> _COLLECTED DATA_:
►
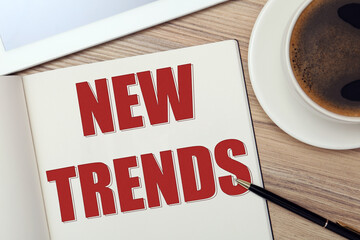 New Trends inscription in notebook, coffee and pen on wooden table, top view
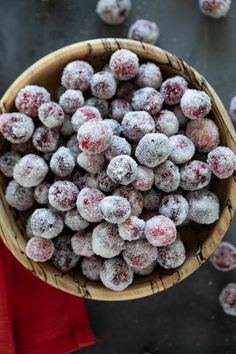 a wooden bowl filled with powdered berries on top of a table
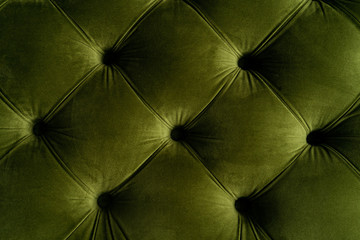 part of green velvet sofa top view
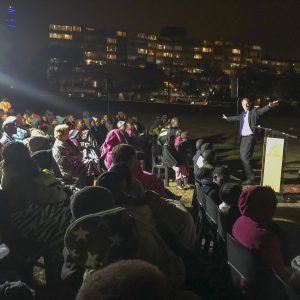 John preaching to a crowd at night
◄
> _ABOUT THIS EXERCISE_: Starting with the line that holds "part of green velvet sofa top view", repeat exactly every line through the end of the material above, both ends included, without the pictures.

> _TASK ANSWER_:
 part of green velvet sofa top view
 John preaching to a crowd at night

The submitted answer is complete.